(Recorded data begins)

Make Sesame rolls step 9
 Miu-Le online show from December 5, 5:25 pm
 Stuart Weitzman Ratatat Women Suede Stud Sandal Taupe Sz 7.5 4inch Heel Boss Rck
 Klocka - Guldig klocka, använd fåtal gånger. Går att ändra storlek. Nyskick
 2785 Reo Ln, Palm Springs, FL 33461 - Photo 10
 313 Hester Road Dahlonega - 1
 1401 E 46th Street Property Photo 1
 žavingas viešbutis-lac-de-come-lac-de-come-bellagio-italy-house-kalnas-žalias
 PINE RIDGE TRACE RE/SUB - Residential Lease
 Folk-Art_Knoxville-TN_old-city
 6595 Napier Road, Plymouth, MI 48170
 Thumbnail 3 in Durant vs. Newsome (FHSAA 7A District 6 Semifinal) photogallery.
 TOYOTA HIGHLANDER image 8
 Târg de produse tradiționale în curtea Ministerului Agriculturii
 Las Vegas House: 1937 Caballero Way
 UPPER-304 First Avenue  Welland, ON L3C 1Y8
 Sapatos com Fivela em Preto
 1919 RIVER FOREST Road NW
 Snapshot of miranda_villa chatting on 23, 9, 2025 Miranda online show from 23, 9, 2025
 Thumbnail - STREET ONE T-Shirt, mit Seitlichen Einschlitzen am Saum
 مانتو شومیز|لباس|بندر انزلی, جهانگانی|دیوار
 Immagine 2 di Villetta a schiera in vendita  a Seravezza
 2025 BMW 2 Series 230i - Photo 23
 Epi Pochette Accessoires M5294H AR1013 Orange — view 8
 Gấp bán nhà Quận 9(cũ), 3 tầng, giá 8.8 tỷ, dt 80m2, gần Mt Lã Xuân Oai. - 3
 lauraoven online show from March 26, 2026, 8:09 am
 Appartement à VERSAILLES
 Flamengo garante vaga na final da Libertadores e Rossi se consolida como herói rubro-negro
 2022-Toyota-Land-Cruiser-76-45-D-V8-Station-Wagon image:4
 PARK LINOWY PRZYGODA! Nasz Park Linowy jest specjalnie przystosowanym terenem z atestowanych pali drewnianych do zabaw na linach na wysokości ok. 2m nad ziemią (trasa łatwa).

(Recorded data ends)

Work to complete:
Copy every line from the records above that contains the word "Road".

Expected output:
 313 Hester Road Dahlonega - 1
 6595 Napier Road, Plymouth, MI 48170
 1919 RIVER FOREST Road NW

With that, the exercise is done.